Mixed MPI and OpenMP extension of the MOLSCAT v14 package.
Here you can access the repository for extensions of the scattering
code MOLSCAT originally developed by Sheldon Green and collaborators
until he passed away in 1995.
The present version developed by P. Valiron and George C. McBane
is targeted for large
close coupling calculations on parallel supercomputers and computer
grids and combines
- the original serial version from the
MOLSCAT repository
maintained by Jeremy M. Hutson: see the Version 14 and the latest release (>2019) on the MOLSCAT repository on GitHub
- the "Poor Man Parallel"
PMP MOLSCAT
variant developed by George C. McBane at
Grand Valley State University since 2005 for dispatching
independant (JTOT, M) calculations over an MPI parallel environment;
- further extensions and optimizations
for serial, MPI and multi-threading environments
(including a full OpenMP support for ITYPE=1,2,3,4,7 and INTFLG=6,8);
- new algorithms to alleviate the
memory requirements for very large CC calculations involving ITYPE=3,4.

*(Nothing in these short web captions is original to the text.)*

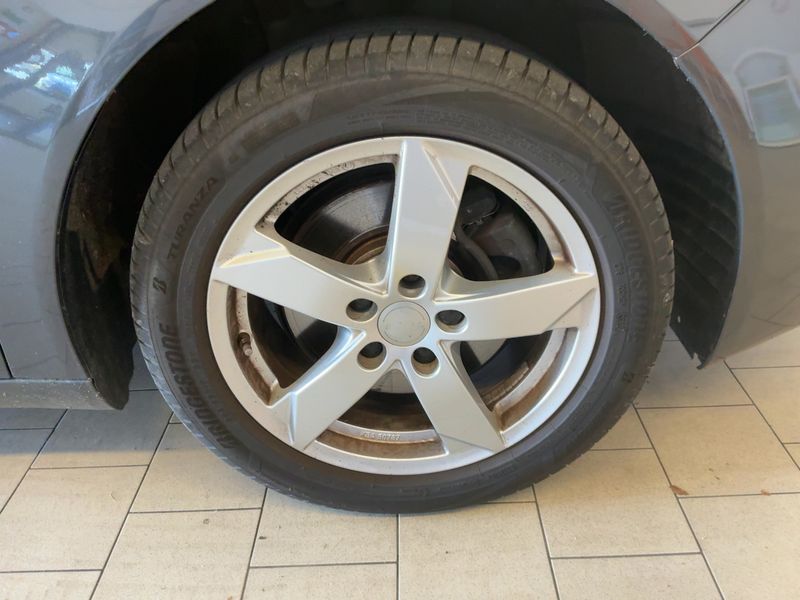 Opel Insignia Sports Tourer 1.6 SIDI Turbo Edition 2016 – снимка 11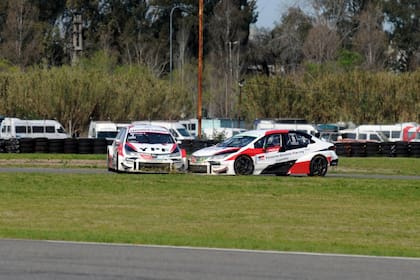 El toque de Barrichello a Hernán Palazzo que derivó en la exclusión al paulista en la carrera clasificatoria de la segunda fecha del Súper TC2000; "aprendí mucho más en dos carreras que en todas las prácticas", concluyó.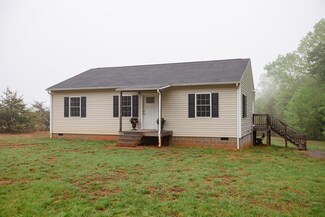 758 Troublesome Creek Rd, Buckingham, VA 23921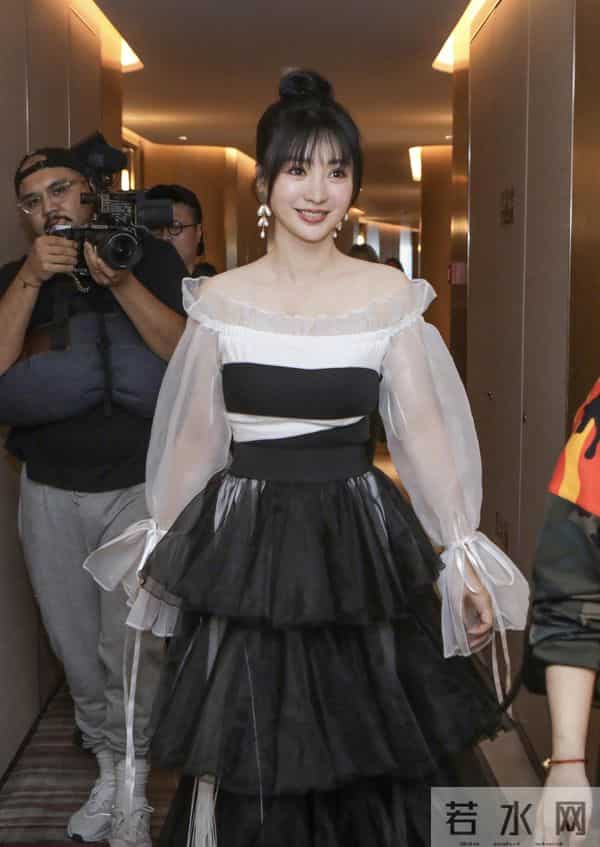 柳岩又“兴风作浪”，穿紧身抹胸鱼尾连衣裙，“尤物身材”太销魂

One important motivation for these developments was to extend close
coupling calculations to higher temperatures for molecules of
astrophysical interest, especially for collisions involving
para-H2(J=0,2) and ortho-H2.
Earlier developments
Original MOLSCAT v14 serial package
The original MOLSCAT v14 repository is
maintained by Jeremy M. Hutson. This v14 package is purely serial.
For reference, you may also download from here
the corresponding original fortran source
(gzipped file),
the documentation in text format
(txt
file), or the documentation in html format
(gzipped tar file).
Early parallel variant at Daresbury Laboratory, UK.
An early parallel version of MOLSCAT, based on older version 12 of the
serial code, was implemented for the Intel iPSC/860 parallel
supercomputer at Daresbury Laboratory, UK. It was also successfully
used on Cray T3D machines. The User Manual for this implementation is
no more available on the MOLSCAT v14 repository but a paper version
has been scanned
here for reference purpose. This code involved large changes
in the MOLSCAT source and was based on the PVM message library which
is now superseded by MPI. Due to the memory limitations of the
iPSC/860 and T3D computers, the storage of the matrix elements of the
angular expansion of the potential was optionally distributed over
several processes, making the code a bit complicated.
This code is "dead" and is is not incorporated in the present
parallel version.
"Poor Man Parallel" PMP MOLSCAT MPI variant
George C. McBane at Grand Valley State University has developed in 2005 a
variant of MOLSCAT v14 for dispatching independant (JTOT, M)
calculations over an MPI parallel environment. This PMP code is available
from McBane's
home page. For reference, you may also
download the corresponding PMP manual from here
(in pdf format).
This MPI code is very useful if your problem takes a long time to run
and involves many (JTOT, M) combinations. It is also expected to be very
reliable because it involves only minimal changes to the original
source.
The PMP code presents however several limitations.
- The behaviour of the original MOLSCAT is somewhat modified. In
particular the IOS and pressure broadening calculations are not
parallelized, and the resonance searching and the automatic JTOT convergence
checking are disabled. This
means that the original v14 MOLSCAT source must be used when the
original behaviour is required.
- The price to pay for the simplicity of the approach is a
limitation of the dynamic dispatch mode (the most effective for proper
load balancing), where an MPI task must be devoted to the
dispatching of the (JTOT, M) combinations and is lost for
computations. This limits the efficiency of parallelism especially if
a moderate number of MPI tasks is used.
- Individual (JTOT, M) combinations are still run serially. Thus
they must fit the available memory and time limit allocated per cpu
core. The memory scales as MXLAM*N^2/2 real*8 words where MXLAM is the
number of terms in the angular expansion of the potential and N the
number of channels. For a large problem, the required memory per core
may exceed several gigabytes, beyond the typical memory per core
available on nowadays massively paraller supercomputers. Corresponding
cpu timings may also exceed current batch queue limitations.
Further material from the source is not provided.